Other structural reforms include the cutting of subsidies and the onset of taxes such as value-added tax, which will be implemented in the UAE on January 1, 2018.

“The fall of the oil price has highlighted the need for a diversified economy,” he says. “Dubai is well ahead in that direction and it’s great to see other countries and regions start structural reforms that will help create a diversified base of economic activity in the GCC.”

HISTORY
Pella, a French-speaking Swiss national, has worked with Gulf-based clients ever since he began his asset management career in Geneva, when he worked in the asset management department of private banks, most notably HSBC Private Bank. At 30, he took a career break to study for an MBA and, on finishing, took a job in institutional asset management in Zurich. When his company was bought by the French insurer Axa, Pella chose to quit and move to London rather than relocate to Paris.

He is optimistic about building a new life in Dubai and bullish about the prospects for Mashreq Capital, which, he says, has an enviable client list and a strong reputation. The DIFC-based firm enjoys good support from its parent bank, which was founded in 1967 and is said to be the oldest privately owned bank in the country.
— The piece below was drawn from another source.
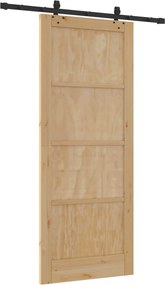 vidaXL Συρόμενη Πόρτα ORKDAL 86 x 211 cm Επεξεργασμένο Ξύλο Φυσικό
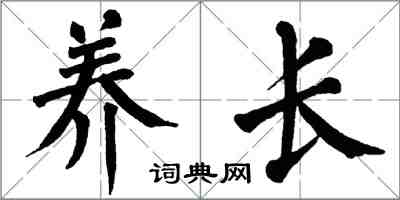 翁闓運養長楷書怎么寫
The bank was named after an Arabic word meaning ‘place of sunrise’, a term that refers to the part of the Arab world east of Egypt.

The challenge, however, will be to expand Mashreq Capital’s investors base outside the immediate region. Pella says he wants to get investment flows from Europe, the US and Asia, and to build the company’s reputation as an active manager of choice for international allocators looking to invest in the MENA region. However, he was not able to articulate a marketing strategy that might achieve this.
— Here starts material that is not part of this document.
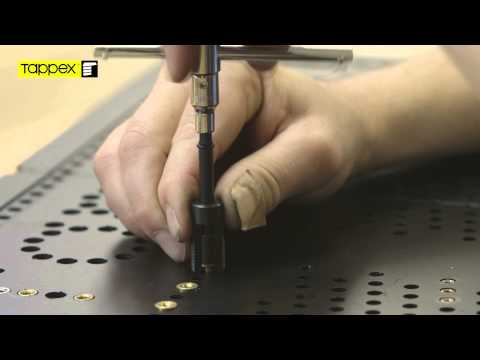 Part of a video titled Installing Brass Threaded Inserts Into Nylon Using The Tappex Hand Tool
It is early days, of course. There is time for more planning in future. Pella has at least achieved one thing so far – he has outlasted his predecessor.

*Aamir Peracha spent 19 years at Mashreq, mostly in its equity business on the sell side covering brokerage, private equity, structured products and derivative based transactions. Prior to leading Mashreq Capital, he was managing director, equities and derivatives.